— Стой! — загремел он. Андрийко сразу же послушался, а булат князя Олександра со всего размаху падал на голову юноши. Юрша молниеносно подставил тяжёлую булаву, и булат со скрежетом разлетелся вдребезги, а булава грозно поднялась над головой неистового бойца.
— Стой, князь, не убивай юношу, опустившего меч не перед тобой, а по моему приказу…
— Ох, я не хотел… — извиняющимся голосом промолвил князь.

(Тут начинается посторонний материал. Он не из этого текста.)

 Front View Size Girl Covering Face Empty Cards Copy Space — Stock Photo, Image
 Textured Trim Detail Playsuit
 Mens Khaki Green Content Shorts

— Не винись, перед кем бы оправдался, если бы убил? Предателем стал бы не он, как полагаешь, а ты… Тебе же моя порука, моё боярское слово, что выдал тайну не он, а ваш слуга. И кабы не ты, князь, был тем обманщиком и предателем, — да, не перебивай, — обманывающим и предающим моё доверие и благосклонность великого князя, то и мой племянник, и ты закончили бы эту прогулку в подземном замке вместе с вашей… вашей подругой. Итак, ты, князь, воровски уводишь из-под моей опеки жену боярина Кердеевича, ты, и никто другой! И я диву даюсь, что ты не пришёл открыто и не взял её с моего ведома и согласия. Не всё ли равно, будет ли её беречь для Кердеевича Нос или Юрша?
Точно школяр перед дьяком, стоял молодой князь перед воеводой, но минутами в глазах его вспыхивали молнии, губы и кулаки судорожно сжимались, а лоб хмурился, наконец он заговорил, понизив голос:
— Я не мог взять пани Офку силой, зная, что ты. воевода, этого не допустишь! Она и я хотели тайно достигнуть цели, не навлекая на твою милость гнев Свидригайла…

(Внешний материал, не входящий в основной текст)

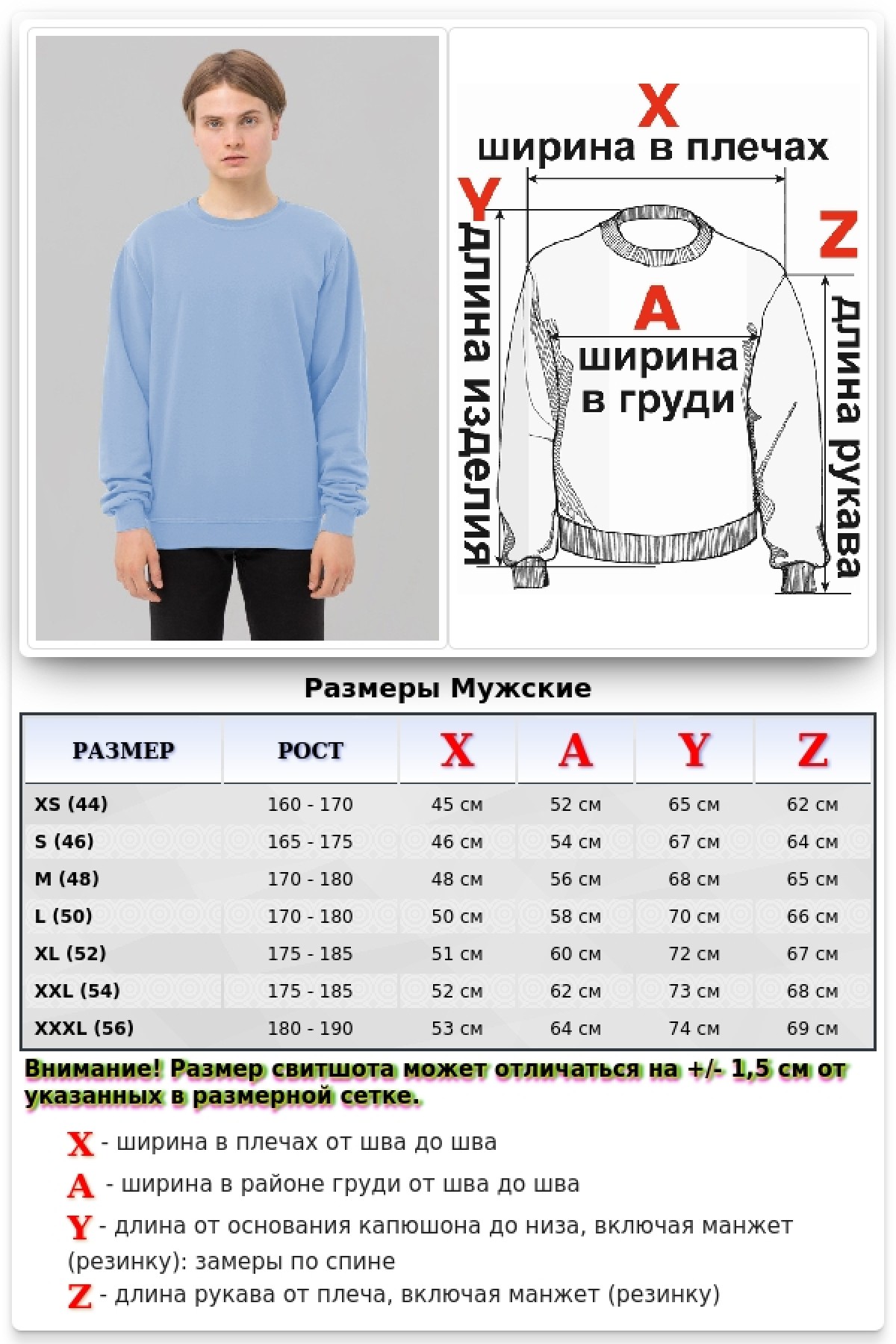 Свитшот голубой промо с начесом из футера 2-х нитка 240 гр/м мужской — фото 2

— Ценою рыцарской чести моего племянника! — прервал его Юрша.
Князь Олександр нахмурился.
— За измену и ложь я всегда требую расплаты кровью! — сказал он. — А за несправедливое подозрение готов идти с повинной даже к такому отроку…
Он склонил перед Андрийкой голову и протянул ему руку.
Юноша покраснел.
— Прости, князь, и за мои удары! — ответил он. — Ты князь и стоишь высоко, у меня же только честь, и, чтобы её сберечь, я готов выцарапать глаза и самому чёрту, а не то что твоей милости…

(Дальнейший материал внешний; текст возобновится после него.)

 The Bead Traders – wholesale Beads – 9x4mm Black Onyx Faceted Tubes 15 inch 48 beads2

И он пожал руку князю Олександру, который тем временем уже обратился к воеводе.
— Не думай, воевода, что я отрёкся от тебя и всех наших. Избави бог и святая дева! Не брошу я начатого дела, но сердцу не прикажешь, оно порой сильнее нас…
Но Юрша остановил его.
— Довольно! — сказал он. — Иди с миром и поступай как знаешь. Не мне тебе давать отпущение грехов. Сташке, может, я и отпустил бы их…
— Ух, подлец! — рявкнул князь.
— Конечно, подлец, — согласился воевода, — потому что его довела до греха та самая причина, что и благородного князя Олександра. Разница только в пожаловании… Потому я ему и отпустил бы грехи, но тебе, Олександр, никогда! Не прощаю, но и не осуждаю на вечный плач и скрежет зубовный, а только жду дел. Может, хоть ими ты искупишь то, к чему толкнула тебя похоть.
Олександр молчал.
— Ступай! — закончил воевода. — Мои татары, Андрийко и Сташко будут свидетелями, что я передаю тебе заложницу. С богом!
И, повернувшись, зашагал по галерее прочь, за ним последовал Андрийко, и князь остался один. Долго-долго простоял он с обломанным мечом в руках, наконец как-то чудно засмеялся, вложил его в ножны и сошёл со ступенек. Там, у открытых ворот, его ждали Офка, Марина и Сташко. Оба татарина, увидав князя, поклонились ему в пояс, а когда все четверо вышли, то заметили на снегу что-то тёмное. За ними со скрежетом затворились ворота. Князь наклонился и поднял с земли тёмный предмет и передал его Офке.
— Шарф! — сказал он. — Тот самый, который уведомил меня о том, что вы готовы.
Пани Офка ещё плотнее надвинула на голову бобровую шапку и прикусила от досады губы. Подарок Андрийке. С ним он избавлялся и от её чар. Впервые её красота не свела с ума намеченную жертву. Впервые нашёлся человек, сумевший противостоять её обольщениям, значит, есть ещё на свете люди, которые не смотрят лишь на красивую внешность, а ищут подлинное сокровище, то чистое золото, которое она уже давно растратила.